EISCAT_3D will provide us with a new way of spatially imaging the structure and dynamics of this important region, enabling us to contribute more effectively to growing international efforts to observe and forecast the effects of space weather, monitor the risks posed by space debris and probe the complex structure of the aurora.”

A key capability of the radar will be to measure an entire 3D volume of the upper atmosphere in unprecedented detail. This is necessary to understand how energetic particles and electrical currents from space affect both the upper and the lower atmosphere. Scientists will be able to take measurements across scales from hundreds of metres to hundreds of kilometres, providing exceptional detail and vast quantities of data, and opening the scope of research that can be carried out.

STFC’s RAL Space Director, Dr Chris Mutlow said:

“I’m delighted that we’re able to bring our heritage in studying space weather to this fantastic new radar with our international partners. The level of detail it will provide represents a significant leap in our ability to understand the effects of space weather on our atmosphere and monitor space debris. This is critical to our national infrastructure as well as scientific advancement.”
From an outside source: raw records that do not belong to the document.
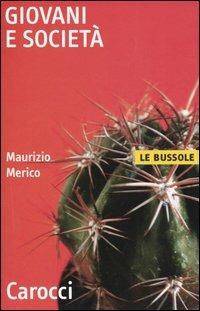 Giovani e società - Maurizio Merico - copertina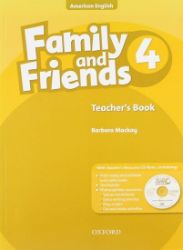 Family and Friends American English 4 Teacher's Book CD-ROM Pack Family and Friends American English 4 Teacher's Book CD-ROM Pack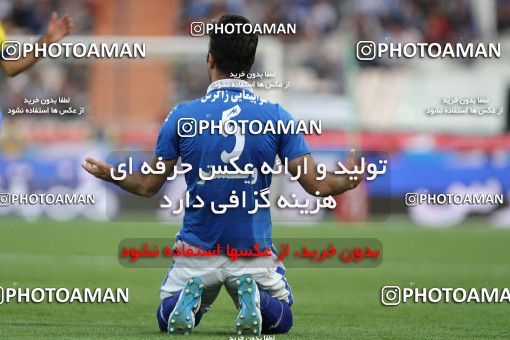 660131, Tehran, [*parameter:4*], لیگ برتر فوتبال ایران، Persian Gulf Cup، Week 28، Second Leg، Esteghlal 0 v 1 Naft Tehran on 2014/03/27 at Azadi Stadium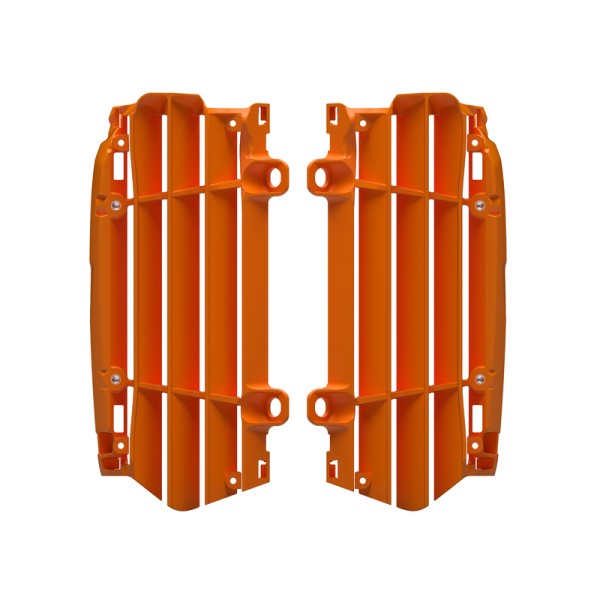 POLIS PROTECTION RADIATOR LOUVERS, ORG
The northern hemisphere already hosts several EISCAT radars, situated in the so-called auroral oval – where you can see the northern lights or aurora borealis. They take measurements in a region of the Earth’s upper atmosphere called the ionosphere – from about 70 to 1000 km altitude. They sample the electron concentration and temperature, and the ion temperature and velocity at a range of altitudes along the radar beam direction. But the current EISCAT radars provide a single pencil beam, so researchers can only look at one small portion of the sky at a given time.

Dr Andrew Kavanagh, UK EISCAT Science Support, based at the British Antarctic Survey, said:

“The new EISCAT_3D radar will measure the ionosphere in lots of different directions simultaneously. It will be like having hundreds of radar dishes all operating together. This means we can easily see changes in the ionosphere and not miss important data: when our measurements change we will be able to say whether something had just appeared or faded or if something was moving through the beams. This is really important as it gives us information about how space weather effects evolve.”

Costing a total of £63m, the facility will be distributed across three sites in northern Scandinavia – in Skibotn, Norway, near Kiruna in Sweden, and near Kaaresuvanto in Finland. The project will start in September 2017 with site preparations beginning in summer 2018. The radar is expected to be operational in 2021.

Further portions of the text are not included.